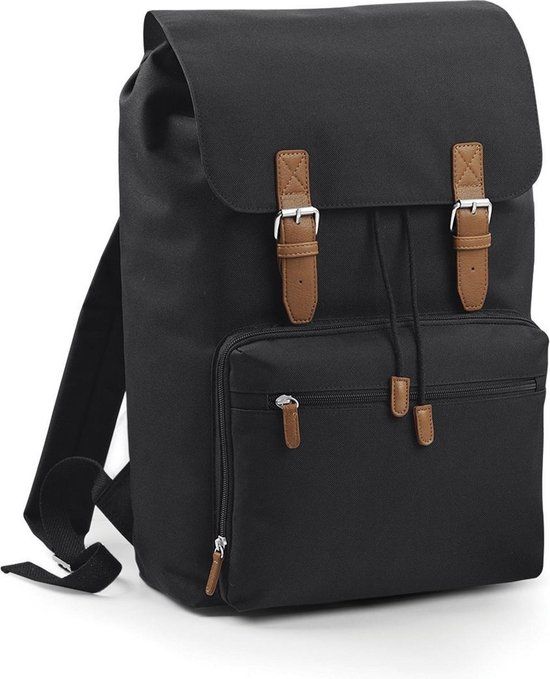 Bagbase Vintage Laptop Rugzak 18 Liter - Zwart/Bruin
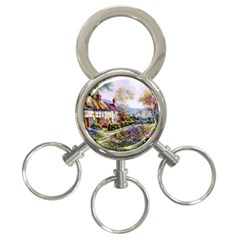 Colorful Cottage River Colorful House Landscape Garden Beautiful Painting 3-ring Key Chain by Grandong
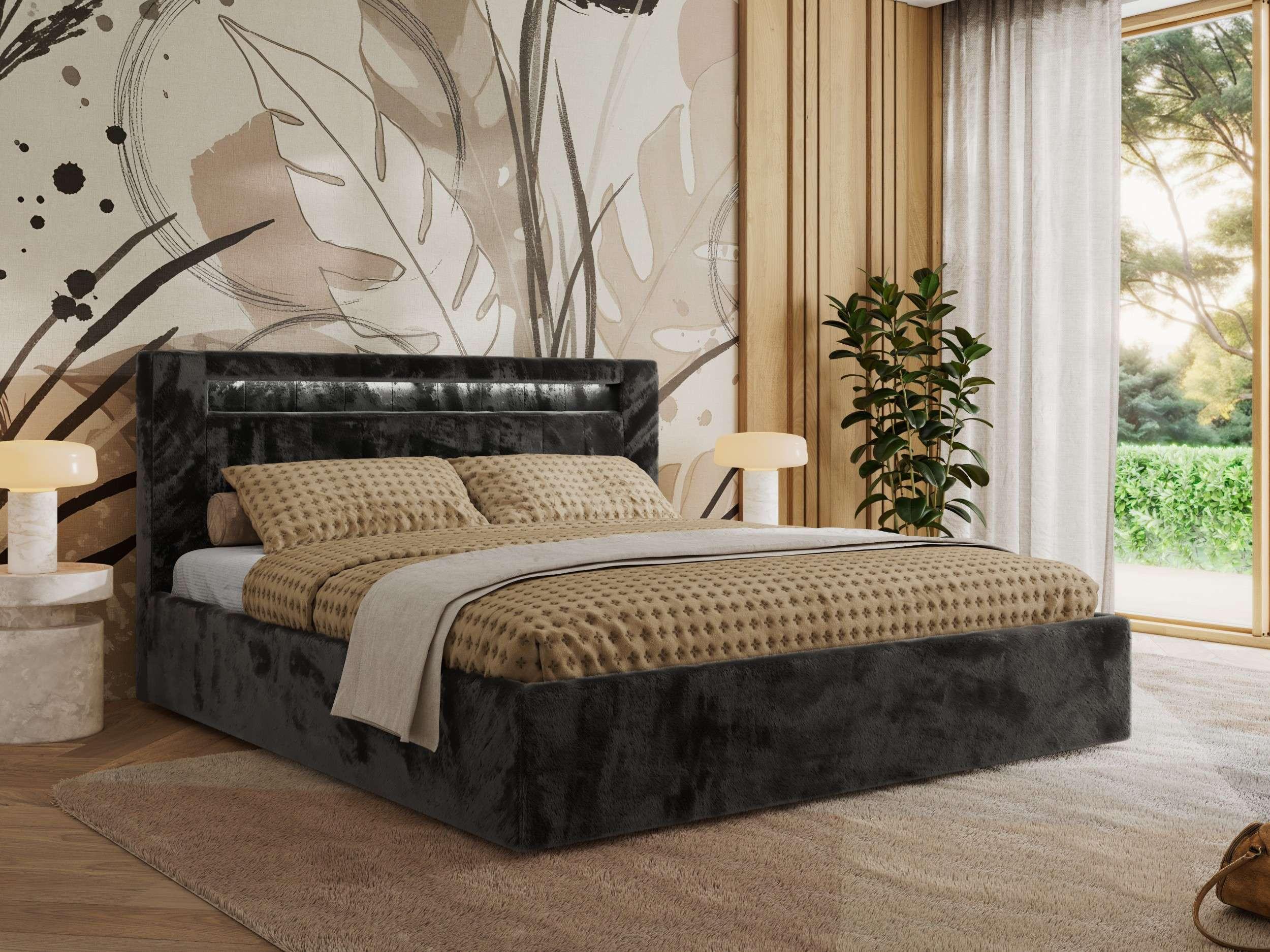 POLSTERBETT GOLD 5 CLASSIC 200/200 - Dunkelgrau Plüsch - Schaum-Matratze - Dunkelgrau, Textil (200/200cm) - MKS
---
Try it: Copy the final stretch of lines, starting at the one that holds "Colorful Cottage River" and ending at the last line of the data, exactly; omit pictures.

Reply:
 Colorful Cottage River Colorful House Landscape Garden Beautiful Painting 3-ring Key Chain by Grandong
 POLSTERBETT GOLD 5 CLASSIC 200/200 - Dunkelgrau Plüsch - Schaum-Matratze - Dunkelgrau, Textil (200/200cm) - MKS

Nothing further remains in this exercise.